To efficiently develop and operate a petroleum reservoir, it is important to have a model. Currently, numerical reservoir simulation is the accepted and widely used technology for this purpose. Data-driven reservoir modeling (also known as top-down modeling or TDM) is an alternative or a complement to numerical simulation. TDM uses the “big data” solutions of machine learning and data mining to develop—train, calibrate, and validate—full-field reservoir models based on measurements rather than mathematical formulation of our current understanding of the physics of fluid flow through porous media.
Unlike other empirical technologies that forecast production such as decline curve analysis, or only use production/injection data for analysis (capacitance resistance model), TDM integrates all available field measurements such as well locations and trajectories, completions and stimulations, well logs, core data, well tests, seismic, as well as production/injection history, including wellhead pressure and choke setting. The measurements are used to build a cohesive, comprehensive reservoir model using artificial intelligence technologies. TDM is defined as a full-field model where production, including gas/oil ratio (GOR) and water cut (WC), is conditioned to all measured reservoir characteristics and operational constraints. TDM matches the historical production, and is validated through blind history matching, and is capable of forecasting a field’s future behavior.
The novelty of data-driven reservoir modeling stems from the fact that it is a departure from traditional approaches to reservoir modeling. The fact-based method manifests a paradigm shift in how reservoir engineers and geoscientists model fluid flow through porous media. In this new paradigm, current understanding of physics and geology in a given reservoir is substituted with facts (data/field measurements) as the foundation of the model. This characteristic makes TDM a viable modeling technology for unconventional assets where the physics of the hydrocarbon production in the presence of massive hydraulic fractures is not yet well understood.
The Role of Physics and Geology
Although it does not start from the first principles physics, TDM is a physics-based reservoir model. The incorporation of physics in TDM is nontraditional. Reservoir characteristics and geological aspects are incorporated in the model for as much as they can be measured. While interpretations are intentionally left out during the model development, they are extensively used during the analysis of model results. Although fluid flow through porous media is not explicitly (mathematically) formulated during the development of data-driven reservoir models, successful development of such models is unlikely without a solid understanding and experience in reservoir engineering and geosciences. Physics and geology are the foundation and the framework for the assimilation of data that are used to develop the TDM.

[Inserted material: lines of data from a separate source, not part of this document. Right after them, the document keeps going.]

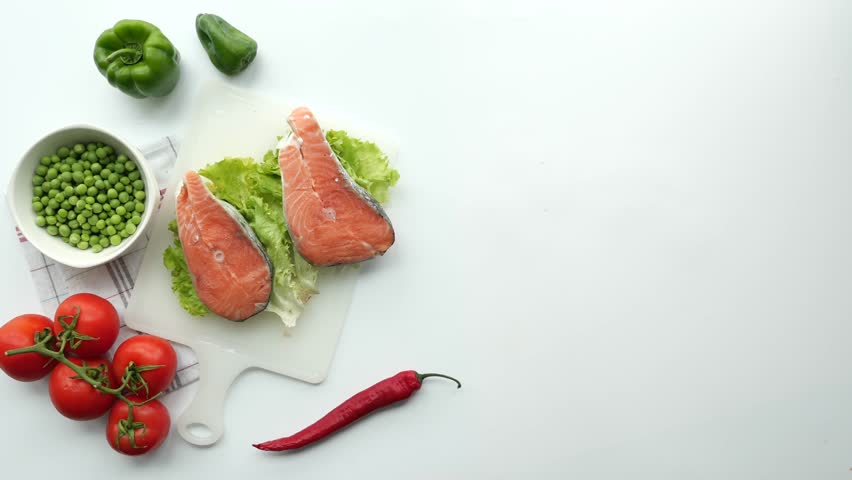 Raw, fresh salmon steak and vegetables on white 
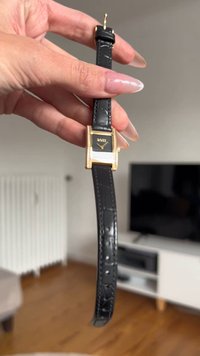 Black leather watch strap with a rectangular gold-tone case and black dial. Features five gold dots and a gold hour hand.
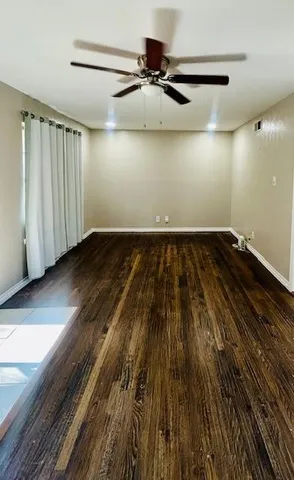 a view of a room with wooden floor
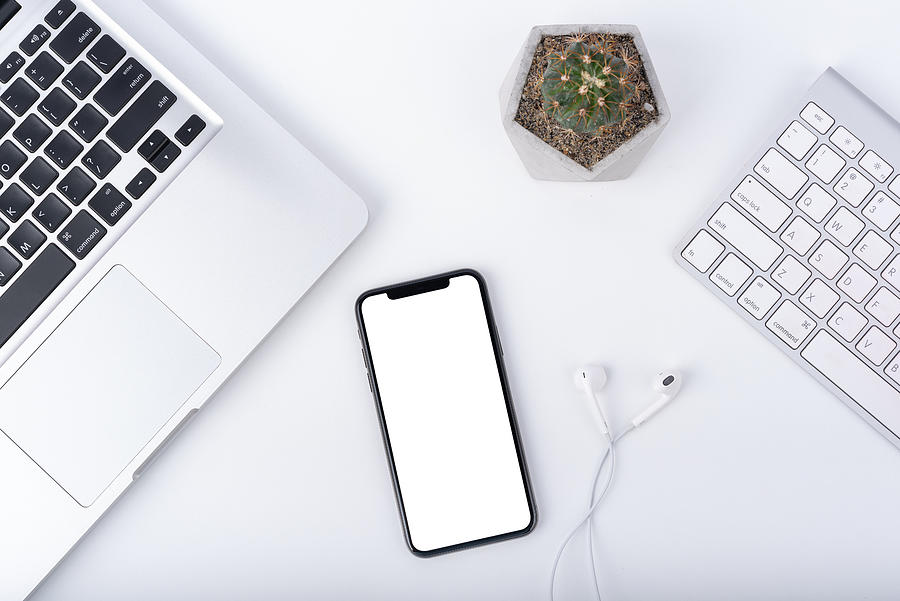 Modern white office work table with smartphone mock up laptop ,earphone and cactus, top view Photograph by Issarawat Tattong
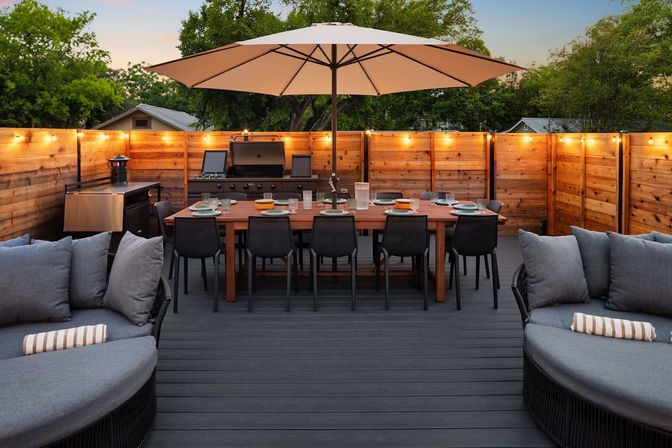 Cozy backyard deck at dusk with a large umbrella over a wooden dining table for eight, gas grill, string lights, and cushioned lounge seating.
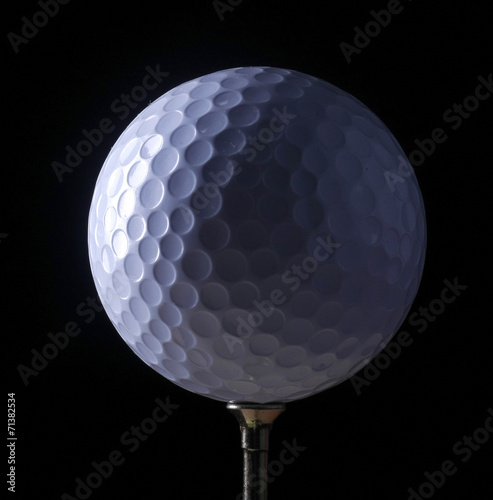 A close-up of a golf ball over dark background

Formulation and Computational Footprint
A top-down model is built by correlating (correlation that is conditioned to causation) flow rate, reservoir pressure, and fluid saturation at each well and at each time-step to a set of measured static and dynamic variables. The static variables include reservoir characteristics such as well logs (gamma ray, sonic, density, and resistivity), porosity, and formation tops and thickness at the following locations:
At and around the well
The average from the drainage area
The average from the drainage area of the offset producers
The average from the drainage area of the offset injectors
The dynamic variables include operational constraints and production/injection characteristics at appropriate time-steps, such as
Wellhead or bottomhole pressure, or choke size, at time-step t
Completion modification (operation of the inflow control valve, squeeze off) at time-step t
Number of days of production at time-step t
GOR, WC, and oil production at time-step t−1
GOR, WC, and oil production of the offset wells at time-step t−1
Water and/or gas injections at time-step t
Well stimulation details
The data that are incorporated into TDM show its distinction from other empirically formulated models. Once the development of the TDM is completed, its deployment in forecast mode is computationally efficient. A single run of the TDM is usually measured in seconds or in some cases minutes. The small computational footprint makes TDM a tool for reservoir management, uncertainty quantification, and field development planning. Development and deployment costs of TDM is a fraction of numerical simulation.
Expected Outcomes
Data-driven reservoir modeling can accurately model a mature hydrocarbon field and successfully forecast its future production behavior. The outcomes of TDM are forecast of oil production, GOR and WC of existing wells, as well as static reservoir pressure and fluid saturation, all of which are used for field development planning and infill drilling. When TDM is used to identify the communication between wells, it generates a map of reservoir conductivity that is defined as a composite variable that includes multiple geologic features and rock characteristics contributing to fluid flow in the reservoir. This is accomplished by deconvolving the effect of operational issues from reservoir characteristics on production.
Limitations of the Technology
Data-driven reservoir modeling is applicable to fields with a certain amount of production history, and as such, TDM is not applicable to greenfields and fields with a small number of wells and short production history. Another limitation is that it is not valid once the physics is changed completely; for example, once a TDM is developed for a field under primary recovery, the model cannot be applied to enhanced recovery phase without retraining the model.